Nous allons continuer à innover et optimiser nos process et technologies pour préparer les futures générations d’usines, en France et à l’international. Nous avons été pionniers côté filières et sommes les premiers à apporter dans l’assiette des consommateurs des produits issus d’élevage responsables utilisant l’insecte comme source de nutriments. Nous continuerons à développer des produits bons pour les animaux, pour l’homme et la planète. Après les poissons, les volailles et les porcs nourris à l’insecte que l’on peut retrouver aujourd’hui chez Auchan, nous prévoyons d’apporter nos nutriments à d’autres filières d’élevage et de culture dans les prochains mois.

Vous avez fait l’École nationale des Ponts et Chaussées, le collège des Ingénieurs. Vous travaillez dans un secteur plutôt masculin. Qu’est-ce qui vous a permis de trouver votre place à chaque fois ?

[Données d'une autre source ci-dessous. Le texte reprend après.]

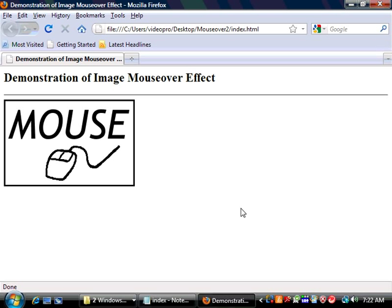Welcome to our demonstration of the image mouseover effect. Those of you who have looked at our previous video will remember that we went ahead and did a demonstration of how to do it with text. Well, this one actually is going to do it with an image file.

Il n’est pas toujours facile de trouver sa place dans ces univers qui donnent une place particulière aux femmes, à la fois marginale et au centre de l’attention. J’ai toujours plus apprécié les milieux où il y avait plus de diversité de parcours, au Collège des Ingénieurs par exemple où la plupart des élèves venaient d’horizons différents et avaient eu une ou plusieurs expériences professionnelles, dans des domaines très variés, avant de reprendre les études. Au-delà du genre, la diversité des expériences et parcours donnent un espace de liberté et d’échange beaucoup plus riche que des milieux plus homogènes, plus propices à des codes et comportements de groupe.

Quel conseil donneriez-vous aux femmes souhaitant entreprendre ?

Dans mon cas, construire la bonne équipe, à commencer par avoir de bons associés, et développer une relation d’équipe saine, a été à la fois un moteur et un support fort dans mon expérience entrepreneuriale. Le fait d’avoir en interne une relation de travail équilibrée où l’on sait s’entendre (et ne pas s’entendre !) sans avoir l’impression d’être traitée différemment parce qu’on est une femme me permet d’approcher beaucoup plus sereinement les défis que l’on rencontre au quotidien dans la vie d’entrepreneur, en particulier ceux d’une entrepreneure femme. La culture d’entreprise que l’on crée est celle qui va nous porter en interne et à l’extérieur.